SAC東京5期コースⅠ第4回月例会 事務局レポート

美しさと加齢

コースⅠ第4回月例会は講師・阿部恒之教授によるテーマ「美しさと加齢」の講義です。

講義テーマの柱は以下の3点です。

  1. 加齢に対する2つのイメージ:老醜と老賢人
  2. 加齢の実態:加齢(aging)≠劣化(老化:senescence)
  3. 減点法の美意識と加点法の美意識:時分の美とまことの美

1.加齢に対する2つのイメージ

阿部教授は「17世紀オランダにおける人生の諸年齢」、ゴヤ「スープを飲む二人の老人」、映画「ハリーポッターの賢者と石」に登場する魔術師・アルバス・ダンブルドアの絵画や人物を示しながら、加齢に対するイメージを説明していきました。

水戸のご老公の「老」は尊敬の意味、「隠居」とは公務が免除された特権を意味します。

加齢とは心身機能の衰退をイメージする「老醜」だけではなく、経験・知恵を蓄積した「老賢人」のイメージを持つことが重要です。

2.加齢の実態

「老いの泉」(西村出版1995年)を引用して講義が続きます。

加齢による知能の低下ではなくて、自分への意味を求めてしまうなど実生活上の知恵が邪魔をして正しい答えを導き出せなくなってしまうことがあります。これも高齢者に対するネガティブなイメージの一つとなってしまいます。これらは流動性知能(20歳代を過ぎると衰退)と結晶性知能(生涯成長)の違いによって生じています。

アフォーダンス(affordance)

「老いはこうしてつくられる」(中公新書)を引用して「老いる」ことへの偏見、勘違いを再考していきました。

人が「自分」にとっての意味や価値をものさしに環境を計ることは生態学的測定、生態学的値となります。

「アフォーダンス(affordance)」とは「〜することを可能にする」という意味であり、アフォーダンスと行動にズレがある高齢者は情緒的な幸福感が低くなります。

コミュニケーションギャップ

65歳以上は擬音語(onomatopoeia)による表現が苦手になってきます。

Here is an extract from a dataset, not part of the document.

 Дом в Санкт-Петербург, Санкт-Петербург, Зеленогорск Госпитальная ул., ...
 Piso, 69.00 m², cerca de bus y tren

実際に面白くても顔が笑っていないので、他者には高齢者が笑っているようにみえません。高齢者自身も他の高齢者の笑いが見て取れ無くなります。

このように、加齢によって表情が出にくくなり、無意識の体動には現れていき、「コミュニケーションギャップ(思いのすれ違い)」が起きてしまいます。
現実、自己認識と他者認識のコミュニケーションギャップが孤独感へつながっていきます。

3.減点法の美意識と加点法の美意識

「あなたはおいくつですか?」という問いに対して、60%の人が少なめにサバを読んで答えてしまいます。「美しさは若さである」という信仰が根付いているからです。

阿部教授は肌の加齢変化に対する美しさと健康評価データを示しました。視覚的な老化の印が現れていないことに注目した「減点法の美意識」だけではなく、若さを無理に求めない「年齢なりの美と健康」を良しとする意識への転換を説いていきました。

美の規範

美の規範は、加齢に伴って変化します。
加齢による肌への刻印による減点だけではなく、加齢とともに蓄積される何かの要素があるという意識の存在、それが加点法の美意識です。

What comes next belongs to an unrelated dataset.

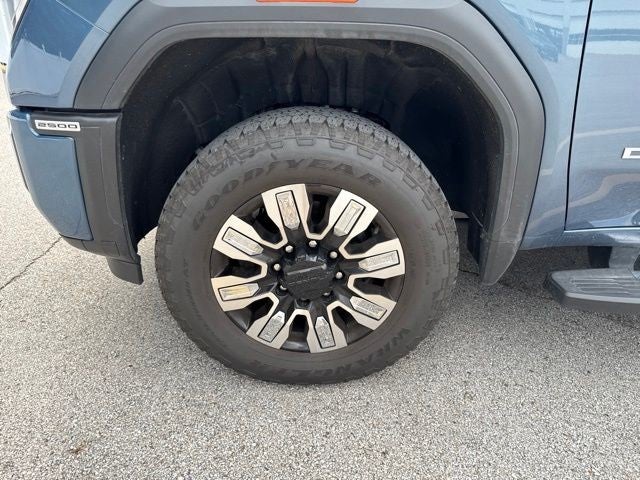 2025 GMC Sierra 2500HD 4WD Crew Cab 159" Denali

世阿弥「風姿花伝」に置き換えれば、「時分の花(若さゆえの美)」から「まことの花(時分の花が消えた後に修練で備わった美)」への転換、これこそが「加齢による美しさ」です。

グループトーク後の質疑(質問のみを記載)

Q1.男性の美しさの調査はあるか?
Q2.シニア層が表情を出しにくい、他の表現方法は?
Q3.減点法、加点法に絡めて人生の終盤の準備の必要性は?
Q4.美しさの観点、アンチエジングの否定、性別の時代的変遷は?
Q5.加齢とともに蓄積されるものとは具体的に何か?
Q6.美しさと外見と立ち振る舞いのビジネスのウエイトは?
Q7.高齢者は擬音語が苦手になる、発信側の課題は?
Q8.(調査データに対して)各世代の女性は何を美しさとしたか?
Q9.世界では美意識について、何を求めているか?
Q10.介護事業者などBGMで行動を変える事例は?
Q11.講義データが古くないか?有効か?
Q12.コミュニケーションギャップを生まないようにするための手法は? あるいは読み取る事例は?

総括

美しさの認識は認知機能の変化、時代性の変化によって変わり、自分事へシフトしています。
自分と他者の意識レベルには必ずギャップがあり、そのギャップを埋めるところにビジネスチャンスがあります。そのポイントはネガティブをボジティブへ変え、意識を現実へ近づけ、受け入れる事です。
人生100年時代だからこそ、「もっと働きましょう」、「もっと健康でいましょう」と呼びかけるために必要なスマート・エイジングの学びです。